Le spectateur est plongé dans le noir pour les deux autres installations dans la salle Multi, qui ont à la fois quelque chose de magique et de profondément humain. Le duo italien Quiet ensemble, composé de Fabio Di Salvo et de Bernardo Vercelli, ont acheté des escargots vivants dans un restaurant italien de Montréal pour en faire les acteurs principaux de leur installation. La trajectoire des bestioles, captée par une caméra au plafond, crée des traces lumineuses sur une plate-forme. Les dessins ainsi créés (et conservés en archives) varient beaucoup d'un jour à l'autre.
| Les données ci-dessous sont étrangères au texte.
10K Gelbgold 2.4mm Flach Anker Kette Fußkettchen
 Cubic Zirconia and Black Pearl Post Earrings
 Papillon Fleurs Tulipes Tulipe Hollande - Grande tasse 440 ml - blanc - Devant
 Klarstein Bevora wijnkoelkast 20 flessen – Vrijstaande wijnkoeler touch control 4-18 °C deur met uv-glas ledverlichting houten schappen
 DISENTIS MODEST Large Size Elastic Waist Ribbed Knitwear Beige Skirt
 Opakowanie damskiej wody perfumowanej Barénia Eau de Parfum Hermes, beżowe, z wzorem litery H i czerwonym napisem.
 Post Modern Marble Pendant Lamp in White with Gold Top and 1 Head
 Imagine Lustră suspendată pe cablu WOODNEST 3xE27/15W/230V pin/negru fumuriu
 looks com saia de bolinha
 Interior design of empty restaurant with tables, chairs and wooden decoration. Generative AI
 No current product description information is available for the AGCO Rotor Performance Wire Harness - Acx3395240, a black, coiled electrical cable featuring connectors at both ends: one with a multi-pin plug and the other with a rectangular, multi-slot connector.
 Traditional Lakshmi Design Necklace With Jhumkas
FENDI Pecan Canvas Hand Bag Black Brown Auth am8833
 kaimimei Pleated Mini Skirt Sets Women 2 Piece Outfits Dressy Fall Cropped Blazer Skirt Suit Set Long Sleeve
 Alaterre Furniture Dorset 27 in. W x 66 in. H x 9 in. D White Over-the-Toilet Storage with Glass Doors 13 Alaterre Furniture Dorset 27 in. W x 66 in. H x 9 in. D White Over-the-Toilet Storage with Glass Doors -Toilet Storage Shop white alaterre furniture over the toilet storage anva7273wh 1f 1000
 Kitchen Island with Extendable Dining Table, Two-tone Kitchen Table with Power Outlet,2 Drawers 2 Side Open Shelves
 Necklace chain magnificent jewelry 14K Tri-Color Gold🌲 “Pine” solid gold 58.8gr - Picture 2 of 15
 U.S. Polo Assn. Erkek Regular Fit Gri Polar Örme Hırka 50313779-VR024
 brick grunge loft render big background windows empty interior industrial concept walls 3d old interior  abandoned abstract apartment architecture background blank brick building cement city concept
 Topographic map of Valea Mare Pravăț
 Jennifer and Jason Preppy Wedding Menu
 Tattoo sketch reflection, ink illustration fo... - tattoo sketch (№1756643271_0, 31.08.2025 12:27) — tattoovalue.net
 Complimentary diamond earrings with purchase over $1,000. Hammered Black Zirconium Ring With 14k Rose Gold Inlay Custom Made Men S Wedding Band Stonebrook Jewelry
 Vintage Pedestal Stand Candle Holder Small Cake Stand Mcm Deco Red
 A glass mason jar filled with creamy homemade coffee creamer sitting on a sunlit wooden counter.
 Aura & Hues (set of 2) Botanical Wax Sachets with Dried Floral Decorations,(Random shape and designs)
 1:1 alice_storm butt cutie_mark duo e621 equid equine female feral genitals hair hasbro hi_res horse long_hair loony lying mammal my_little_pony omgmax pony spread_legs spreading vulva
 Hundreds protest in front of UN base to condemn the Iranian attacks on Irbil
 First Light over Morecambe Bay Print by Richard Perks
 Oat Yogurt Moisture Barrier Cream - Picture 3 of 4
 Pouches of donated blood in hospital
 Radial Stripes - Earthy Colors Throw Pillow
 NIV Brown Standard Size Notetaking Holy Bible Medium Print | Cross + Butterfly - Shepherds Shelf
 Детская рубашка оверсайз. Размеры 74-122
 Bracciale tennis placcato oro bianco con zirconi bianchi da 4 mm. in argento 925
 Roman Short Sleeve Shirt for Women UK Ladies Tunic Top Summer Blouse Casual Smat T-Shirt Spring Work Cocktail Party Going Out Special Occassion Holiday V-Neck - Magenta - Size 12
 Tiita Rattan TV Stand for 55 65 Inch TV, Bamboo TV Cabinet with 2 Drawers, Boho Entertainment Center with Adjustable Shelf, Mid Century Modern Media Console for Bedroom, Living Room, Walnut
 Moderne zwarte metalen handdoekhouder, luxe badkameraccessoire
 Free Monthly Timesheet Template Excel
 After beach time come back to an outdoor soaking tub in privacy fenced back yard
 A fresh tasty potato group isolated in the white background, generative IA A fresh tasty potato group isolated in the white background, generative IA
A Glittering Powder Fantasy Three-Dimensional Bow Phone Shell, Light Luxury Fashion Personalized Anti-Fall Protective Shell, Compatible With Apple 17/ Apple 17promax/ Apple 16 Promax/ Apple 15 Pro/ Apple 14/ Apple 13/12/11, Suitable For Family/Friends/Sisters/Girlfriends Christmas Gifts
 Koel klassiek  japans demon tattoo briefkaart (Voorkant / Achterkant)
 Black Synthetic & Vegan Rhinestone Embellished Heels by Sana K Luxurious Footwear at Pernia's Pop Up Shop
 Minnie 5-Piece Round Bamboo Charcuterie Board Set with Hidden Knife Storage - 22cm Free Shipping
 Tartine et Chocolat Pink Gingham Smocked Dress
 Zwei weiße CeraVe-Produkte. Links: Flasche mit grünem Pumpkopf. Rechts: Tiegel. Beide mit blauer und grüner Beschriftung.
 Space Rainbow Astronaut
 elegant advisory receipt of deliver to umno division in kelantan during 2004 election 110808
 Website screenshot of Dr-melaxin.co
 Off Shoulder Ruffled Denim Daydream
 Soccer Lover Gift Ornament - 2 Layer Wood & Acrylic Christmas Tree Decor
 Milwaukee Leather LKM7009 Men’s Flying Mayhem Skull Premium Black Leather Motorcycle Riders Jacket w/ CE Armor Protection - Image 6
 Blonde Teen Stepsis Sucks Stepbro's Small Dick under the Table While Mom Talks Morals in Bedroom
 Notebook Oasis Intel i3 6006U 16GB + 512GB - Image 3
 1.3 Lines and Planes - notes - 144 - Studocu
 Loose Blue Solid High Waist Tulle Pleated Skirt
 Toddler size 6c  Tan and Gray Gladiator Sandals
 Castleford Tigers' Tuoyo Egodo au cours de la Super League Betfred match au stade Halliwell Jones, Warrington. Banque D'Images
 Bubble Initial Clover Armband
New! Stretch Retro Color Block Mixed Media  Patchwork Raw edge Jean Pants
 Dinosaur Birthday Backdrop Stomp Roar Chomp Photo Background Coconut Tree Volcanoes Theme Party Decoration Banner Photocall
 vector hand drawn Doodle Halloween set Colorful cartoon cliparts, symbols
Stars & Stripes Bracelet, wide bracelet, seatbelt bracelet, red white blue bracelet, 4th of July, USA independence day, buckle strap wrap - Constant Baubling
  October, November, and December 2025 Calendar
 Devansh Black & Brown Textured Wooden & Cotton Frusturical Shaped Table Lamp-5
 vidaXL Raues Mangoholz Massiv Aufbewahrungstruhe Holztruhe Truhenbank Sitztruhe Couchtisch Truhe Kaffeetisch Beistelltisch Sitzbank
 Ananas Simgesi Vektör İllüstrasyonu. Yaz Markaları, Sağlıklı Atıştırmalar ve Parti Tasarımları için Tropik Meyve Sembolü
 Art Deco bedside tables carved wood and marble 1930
Les artistes y voient des métaphores de nos vies, où il y a les rendez-vous manqués et où les rencontres marquent nos avancées sinueuses.

Noctiluca Scintillans, du duo Marswalkers, formé de Karl-Otto Von Oertzen et Alexandre Berthier, place le spectateur devant un dispositif à deux surfaces de projection, qui rappelle la camera obscura. Sur la plus grande, on voit apparaître des corps de danseurs habillés de costumes étranges et mystérieux. Ils bougent un instant, puis s'évaporent en laissant une trace phosphorescente. À l'autre extrémité du dispositif, un plus petit écran montre des détails de l'image, des motifs abstraits, tout aussi mouvants et obsédants.

La plus petite des galeries de VU est transformée en salle de projection pour Orion Tide, de Kelly Richardson. Celle-ci a ajouté des effets spéciaux, notamment des séries de lumières qui s'envolent vers le ciel, dans une vidéo réalisée à partir de photographies du désert texan. Elle a ajouté du son en postproduction. Le spectateur se trouve devant un paysage à mi-chemin entre le réel et la science-fiction, où des phénomènes sublimes sont enveloppés d'une aura vaguement inquiétante.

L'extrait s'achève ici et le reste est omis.